Neither of these "solutions", which both amount to saying "just do it the right way," are at all satisfying to me. Don't get me wrong. I'm not complaining about anyone here or any of these discussions. But after watching these threads for years all I can think of is that if it were that easy then it would have already been done and we wouldn't be talking about MB mill summer camps, Eagle mill troops/parents or adult led troops. When a thread came up with one of these problems the first person would say "here's the root of your problem, go read/do this" and a month later they'd come back and say "wow, you guys are brilliant. My whole troop has transformed." But that never happens. There's a problem when the fundamentals of the program are so poorly done and the resulting answer is to take the training or just go read BP's or Hillcourt's work. I don't want to pick on Eagledad, because he's really contributed a lot to these discussions, but it shouldn't take a visionary to do the basics well. (my apologies to EagleDad if I'm misinterpreting his ideas.)

 

Not at all personal. I don't harp on the visionary stuff because I think it will turn on a light, I say it often to make sure it remains as an idealistic principle. I also don't spend enough words separating the main goal or vision of the unit separately from the main goal of the BSA, the Vision. I believe success is based from a team agreeing on the same goals. Our troop initially set the goals that the scouts will be the leaders, it will be boy led and FUN. You're right Matt, making moral decisions makers doesn't really explain how the program makes good leaders. So, we made a checklist that is a little easier to check ourselves, the scouts make the leadership decisions, the scouts run the troop even if it is in the ground, and that they have fun. Of course those turned out to be challenging because in the end, adults struggle the most to do their roles in a boy run troop. But, that is the sun tan that was mentioned.

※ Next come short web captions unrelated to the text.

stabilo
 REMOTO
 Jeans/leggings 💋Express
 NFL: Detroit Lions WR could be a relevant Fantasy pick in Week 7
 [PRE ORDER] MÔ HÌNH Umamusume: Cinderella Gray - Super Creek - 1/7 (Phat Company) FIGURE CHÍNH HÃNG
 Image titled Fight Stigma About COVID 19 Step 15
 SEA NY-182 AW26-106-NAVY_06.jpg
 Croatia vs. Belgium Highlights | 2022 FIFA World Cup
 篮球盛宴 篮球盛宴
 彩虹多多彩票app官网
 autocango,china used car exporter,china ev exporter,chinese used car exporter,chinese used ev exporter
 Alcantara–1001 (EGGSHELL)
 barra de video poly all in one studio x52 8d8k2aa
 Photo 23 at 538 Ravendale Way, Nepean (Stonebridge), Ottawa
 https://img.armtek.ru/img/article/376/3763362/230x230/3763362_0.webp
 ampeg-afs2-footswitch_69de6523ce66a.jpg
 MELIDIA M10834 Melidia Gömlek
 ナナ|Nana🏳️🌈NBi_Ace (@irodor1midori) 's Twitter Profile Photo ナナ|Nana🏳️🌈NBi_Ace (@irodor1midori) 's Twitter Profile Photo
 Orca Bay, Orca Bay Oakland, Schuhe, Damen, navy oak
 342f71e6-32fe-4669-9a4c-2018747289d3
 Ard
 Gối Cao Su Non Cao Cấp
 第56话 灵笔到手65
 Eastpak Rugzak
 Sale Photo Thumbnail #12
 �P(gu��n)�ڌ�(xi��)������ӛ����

I remember when this forum had over a 1000 active members on the forum with dozens of different discussions all across the forum spectrum. And, 95% of those discussions were about how to provide a better program for the scouts. Today 95% of the discussions aren't about the functions of scouting, they are about adults wanting to change scouting for their personal adult reasons. There are a lot of adults here who don't like the scouting program for one reason of another. In fact, I see basically two groups on this forum in the discussions last few months, adults who believe the program changes youth into adults of character (no change), and those who believe the program is basically sitting service (wreck it). 

I'm not sure how we make a step forward, but I think you are right in a sense that scouting needs to scale back a little. But, I don't think the program needs to scale back so much as maybe the activities need to lean up a bit. Less high adventure in Philmont and more adventure locally. A program where the patrols can get together more often as a patrol on it's own and not as part of the troop program. It would be a challenge at first, but is a day hike around town all that difficult? I don't know, you are right. But, how?

I am convinced the Scouting will survive because some of us have seen it do it's magic and have the passion to make adults can change the world. The rewards are great. We just might figure out a way of taking a small group of youth and turn them into lean scouting machines.